This discussion has been archived. No new comments can be posted.

New Python 3.9 'Brings Significant Changes' To Language Features

Comments Filter:
  • by Z00L00K ( 682162 ) on Saturday October 10, 2020 @03:39PM (#60592516) Homepage Journal

    Like ensuring that the complete code is consistent before starting to execute?

    In the current Python you won't get any warning until you try to execute a function that don't exist if it's in a different file, then the program bombs. So this means that you need 100% test coverage of the code for every release.

    Compared to languages like Java and C# where that kind of issue is discovered at compile time.

    • by Antique Geekmeister ( 740220 ) on Saturday October 10, 2020 @03:50PM (#60592536)

      Testing code for "consistency" is an NP complete problem.
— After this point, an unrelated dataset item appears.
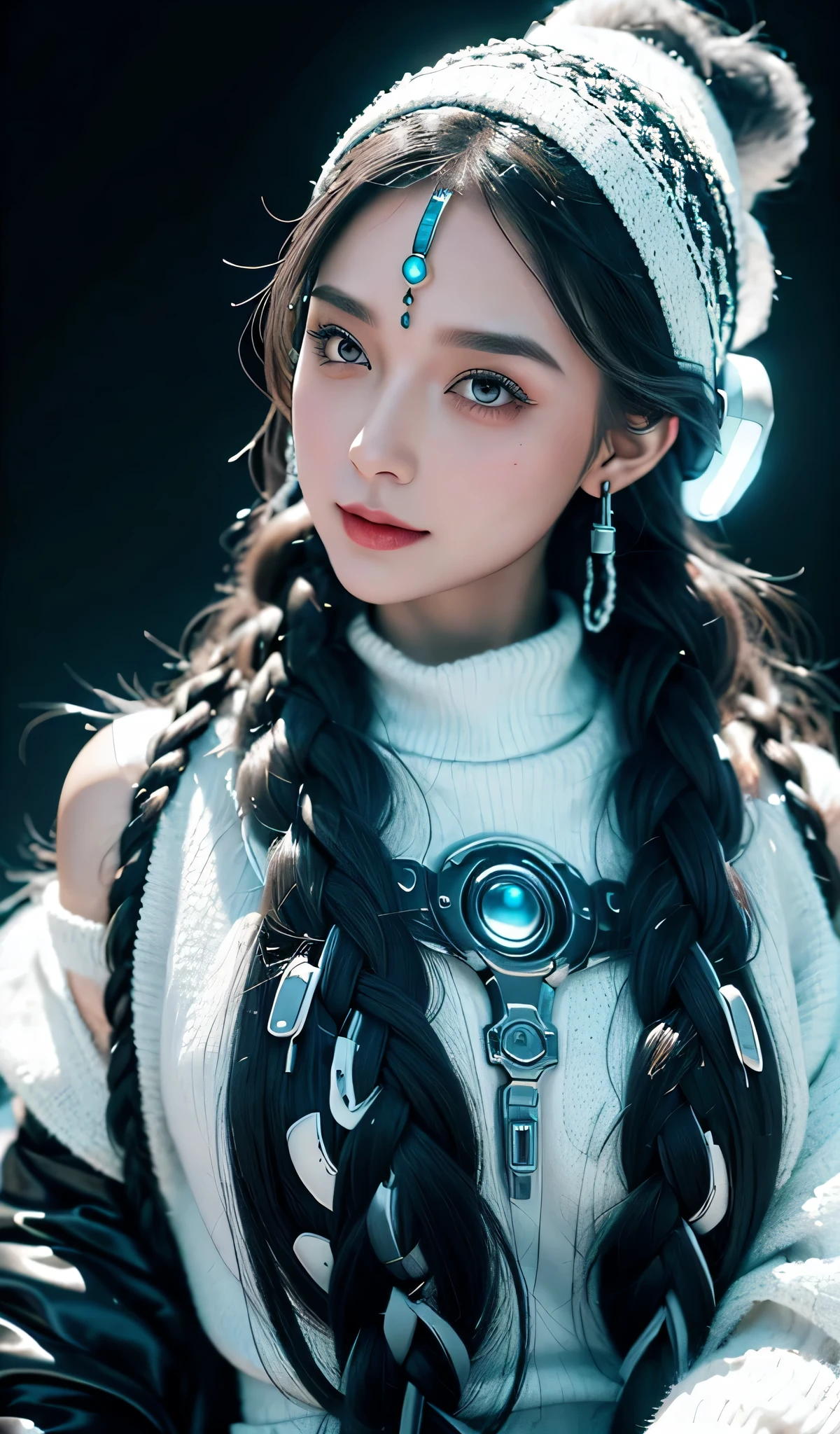 Woman happy Perfect beauty Beautiful white skin beautidful eyes Look at viewers Lustrous lips Lovely smile gray hair in braids Knitted hats tattoo on body IDOL is standing Futuristic Lolita costume designed in black and white Functional head phone spaceships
It's complicated by tendency of Python developers to use "pip install" to pull in arbitrary modules at run time, which is not deterministic, and tracing down the dependencies is itself an NP complete problem due to the dependency chains and deliberate re-wrapping of some modules by other modules.

      • by Z00L00K ( 682162 )

        The way you describe it makes me think of storing sodium in biodegradable plastic bags in a barrel of water.
        One day you will get an interesting surprise.

        • I've already experienced numerous such surprises, thank you. Many languages that "dynamically install modules as needed" have created just such surprises when the production version winds up with different versions of the same modules than were installed at the time of the test installation.

          • Many languages that "dynamically install modules as needed [...]

            Only thing, that's not a Python language feature.

            Some people have a build setup where the CI 'pip installs' everything from scratch every time, or a test setup where they "pip install -r requirements.txt" into a virtualenv every time they run the test. But that's just their build setup. They could stop doing that in an instant, and their program would still run fine.

            If someone deploys to production in a way that's automated along those lines, with a requirements file that pulls in the latest and greatest

            • Take a look in /usr/bin/ on any system with python. Can you find any python scripts that do not import python modules installed separately? Systems that attempt to package their python modules provide some help stabilizing them, how many of us suffer the same difficulties we encounter with ant, maven, and perl where the dependency chains are not necessarily stable? It's fundamental not only to the language, but to the packaging of modules at pypi.org. The problem is exacerbated by modules like "bs4", which

              • I'm kinda confused as to how your problems with pip are fundamental to the Python language, when apparently you have the same kind of problems with ant and maven, which are written in a language very much different from Python.

                Take a look in /usr/bin/ on any system with python. Can you find any python scripts that do not import python modules installed separately?

                Well, yes I can. I went looking, and the first Python script I found was smtpd.py, which imports sys, os, errno, getopt, time, socket, asyncore and asynchat. Standard library only.

                Can you find any C programs that don't use dynamically-linked shared objects installed separately?

                • I neglected ruby and rubygems, which have the same issue.

                  > I went looking, and the first Python script I found was smtpd.py

                  smtpd.py is part of the basic Python 3 source code, Python-[version]/Lib/smtpd.py. I'm nto surprised that it has no other modular requirements. I _did_ say to look in /usr/bin/. I suspect that is not where you found it. If you did find it there, what Python installation and operating system are you working with?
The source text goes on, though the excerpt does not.